A Nasty Plot Shift for the GOP

gop debates“I think Americans just don’t know sometimes which Mitt Romney they’re dealing with. Is it the Mitt Romney that was on the side of … against … the Second Amendment before he was for the Second Amendment … was it before he was before these social programs, uh, from the standpoint he was standing, uh, for Roe vs. Wade before he was against Roe, uh, Roe vs. Wade … uh … he was … uh for Race To The Top. … Uh … (long pause) … he’s for Obamacare and now he’s against it. … I mean, we’ll wait until tomorrow and, and, and wait to see which Mitt Romney we’re really talking to.” –Governor Rick Perry, GOP debate, 22 September 2011

Goodness gracious, this is not good. My wildest dream – that either Michele Bachmann or Rick Perry would somehow make it to the Republican National Convention next summer – has gone up in flames; or so it would seem. If a month is a lifetime in American politics (as the politicians love to remind us) a year is a millennium.

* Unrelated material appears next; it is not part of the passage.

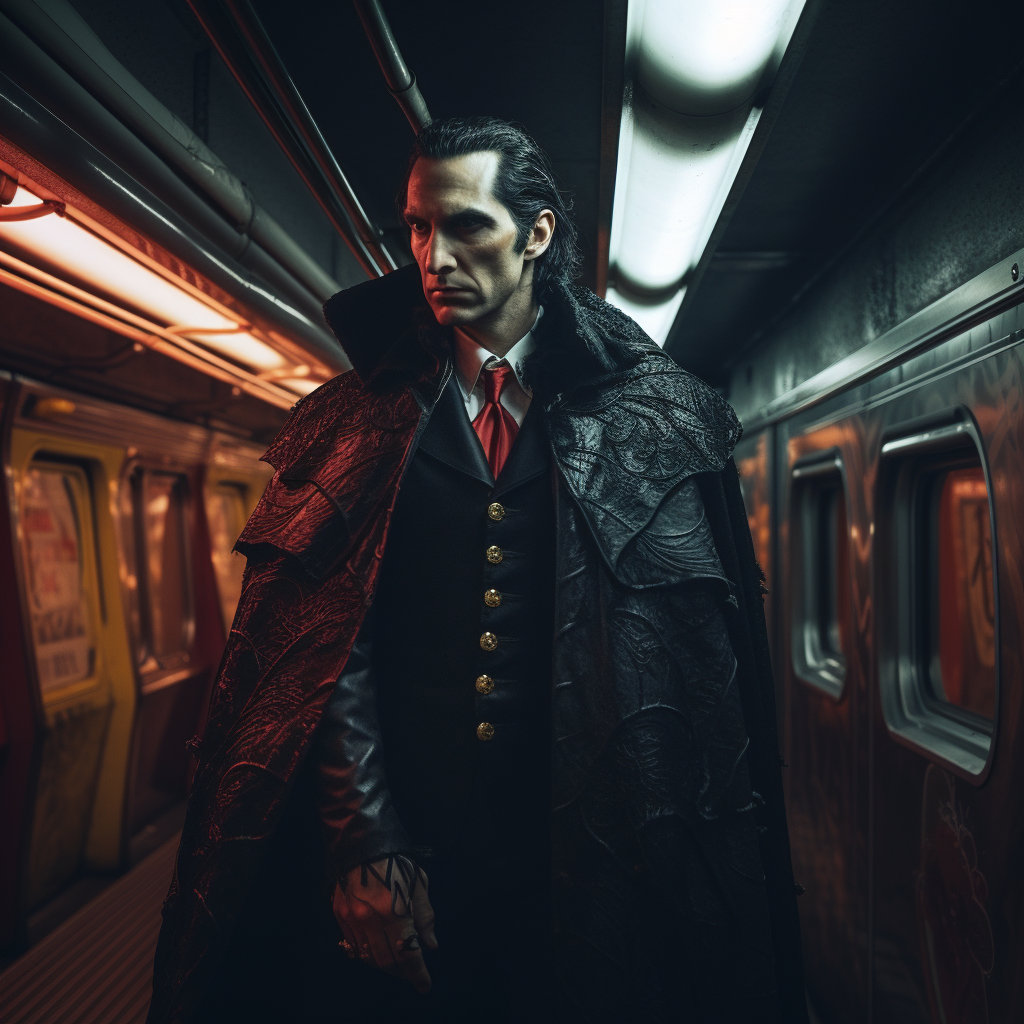 Dracula riding NYC subway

Perry’s disastrous appearance at last Thursday’s debate in Florida seemed to put the ol’ kibosh on the governor’s presidential aspirations. And it was only a matter of time before Congresswoman Bachmann said something irreparably stupid. When she blurted out that a certain vaccination caused mental retardation, it proved to be too idiotic for Florida Republicans even. In a straw poll conducted in that state a few days ago, she registered near the bottom. This only a month after her moment on the mountaintop in Iowa.

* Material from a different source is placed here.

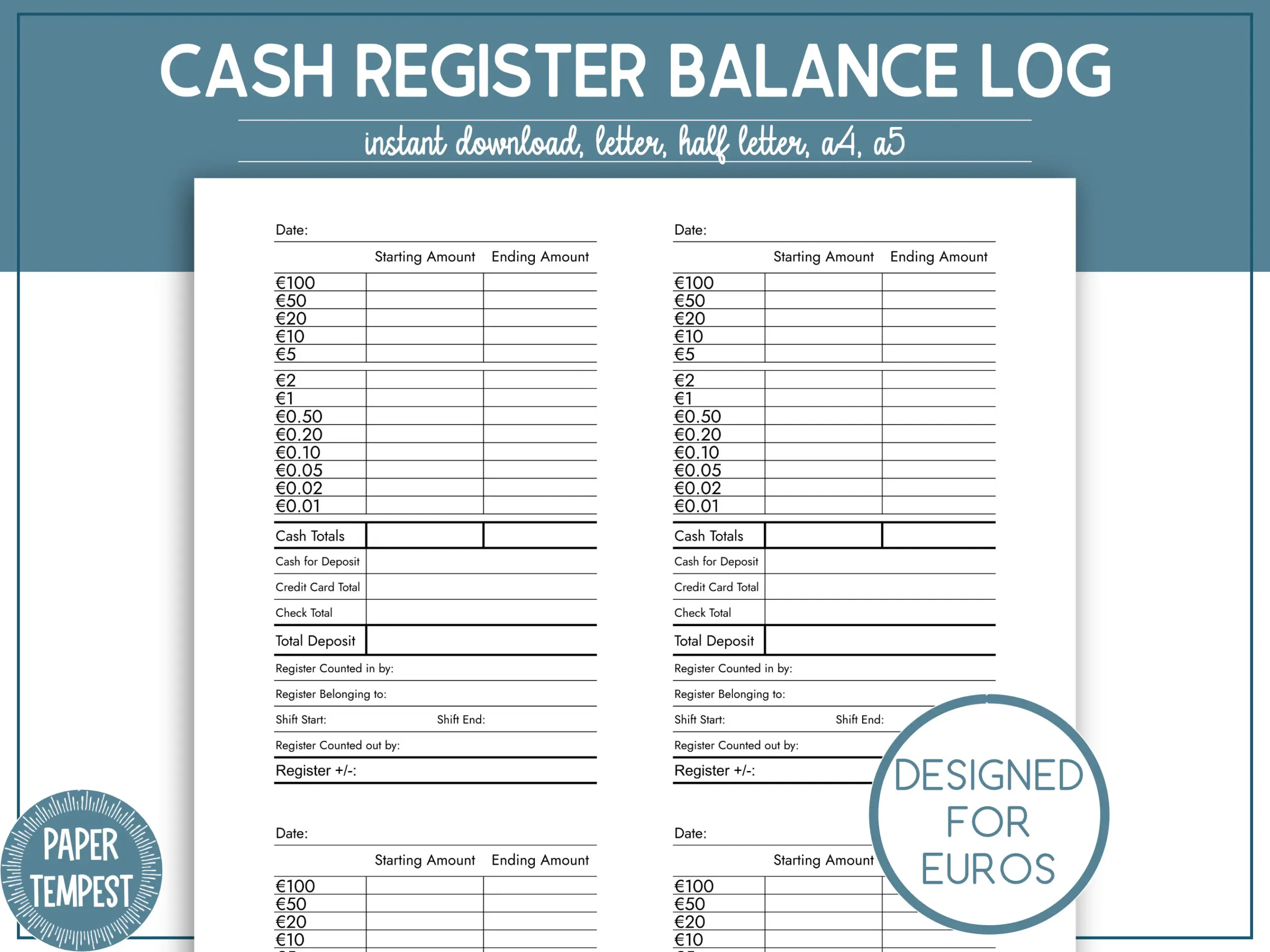 Printable Cash Register Balance Log Cash Printable Cash Register Balance Log Cash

The Democrats are depressed by these turns of events and I can’t blame them. With a comparative moderate (at least by modern-day standards) like Mitt Romney as the nominee next year, President Obama’s reelection is more uncertain than ever. Or is it?

tom deganThere is a silver lining for the Dems behind this dark cloud. The nitwits that comprise “the base” of the GOP are not going to be motivated to come out in droves for a former governor of Taxachusetts who brought health care to his state – and who also happens to be a Mormon. Remember this, too: Between now and the convention, Mitt Romney is going to be saying a lot of really stupid things during the coming primaries – things of monumentally idiotic proportions. That is the only way to win the nomination of that party anymore.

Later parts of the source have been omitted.